Starting a YouTube channel wasn't something I ever imagined doing.

I'm naturally much more comfortable behind the camera than in front of it. But these experiences felt too unique not to share.

Looking back, I'm really glad I did.

It pushed me outside my comfort zone and connected me with thousands of people who shared the same curiosity about European cars, road trips, and driving culture. Some simply enjoyed coming along for the ride. Others reached out to say my videos helped them plan their own European road trips, Nürburgring visits, or even decide which car to buy.

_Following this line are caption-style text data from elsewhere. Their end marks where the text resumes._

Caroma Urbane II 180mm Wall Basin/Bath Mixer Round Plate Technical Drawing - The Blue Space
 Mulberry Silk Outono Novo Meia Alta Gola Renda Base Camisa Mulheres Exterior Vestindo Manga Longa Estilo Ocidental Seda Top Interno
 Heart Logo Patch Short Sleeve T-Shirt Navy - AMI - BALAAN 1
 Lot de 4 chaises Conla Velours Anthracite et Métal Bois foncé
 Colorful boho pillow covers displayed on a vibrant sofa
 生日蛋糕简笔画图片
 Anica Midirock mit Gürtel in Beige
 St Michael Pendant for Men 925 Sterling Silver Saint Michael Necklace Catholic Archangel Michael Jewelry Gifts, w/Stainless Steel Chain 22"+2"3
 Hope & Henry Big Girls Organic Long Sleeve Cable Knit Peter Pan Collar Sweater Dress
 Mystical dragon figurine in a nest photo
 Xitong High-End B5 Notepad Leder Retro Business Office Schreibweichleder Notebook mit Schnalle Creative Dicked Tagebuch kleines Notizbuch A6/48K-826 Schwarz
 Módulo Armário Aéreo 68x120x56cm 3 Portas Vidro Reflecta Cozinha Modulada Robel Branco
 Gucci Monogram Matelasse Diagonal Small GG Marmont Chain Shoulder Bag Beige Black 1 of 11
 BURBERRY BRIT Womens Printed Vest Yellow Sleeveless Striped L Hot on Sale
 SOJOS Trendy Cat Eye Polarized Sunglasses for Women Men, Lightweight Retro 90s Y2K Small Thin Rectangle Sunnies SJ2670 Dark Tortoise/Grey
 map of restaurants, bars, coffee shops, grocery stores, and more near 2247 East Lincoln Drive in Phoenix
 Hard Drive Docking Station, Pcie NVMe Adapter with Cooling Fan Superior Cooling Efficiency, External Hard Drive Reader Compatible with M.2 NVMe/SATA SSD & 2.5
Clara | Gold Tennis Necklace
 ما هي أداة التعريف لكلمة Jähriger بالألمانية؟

Knowing that my experiences have helped others has been one of the most rewarding parts of this entire journey.

What I won’t miss

As much as I'll miss Europe, it certainly isn't perfect for car enthusiasts.and being a car enthusiast in a non-car city like Amsterdam is especially challenging. Owning a car in the Netherlands is expensive. Taxes, insurance, parking, inspections, and the general cost of ownership add up quickly. I won't miss €2+/L fuel, dealing with average-speed cameras, tiny and expensive parking garages, or some of the more questionable motorway rest stops in Germany and Belgium. Those are the trade-offs that come with driving here. None of these define the experience, but they are part of it. 

Looking ahead

As I prepare to return to the United States, I find myself thinking less about what I'm leaving behind and more about what I'll rediscover.

American driving culture is where my enthusiasm began. It's louder, bigger, and celebrates individuality in a way that's very different from Europe.

I'm already looking forward to future vacations and road trips back across Europe. This continent still has so many roads I'd love to drive, and one day I hope to share some of them with my son. I'd love to show him the Alps, the Autobahn, the Nürburgring, and all the places that shaped so much of my own automotive journey.

Closing thoughts

Looking back, I don't remember Europe as a collection of destinations.

I remember it as a collection of drives and experiences.

The first rental car in 2019. The realization that driving could be something chosen instead of required. The Autobahn. The Alps. The Nürburgring. Circuit Zandvoort. The faithful BMW wagon. The wonderfully ridiculous Mercury Grand Marquis. The speeding tickets. 

Europe didn't make me love cars more.

It changed what I love about them.

I realize how fortunate I was. Very few American automotive enthusiasts get the opportunity to call Europe home for seven and a half years instead of simply visiting for a week. I certainly don't take that for granted.

As this chapter comes to an end, I leave with a deeper appreciation for driving, for Europe, and for the experiences that cars can make possible.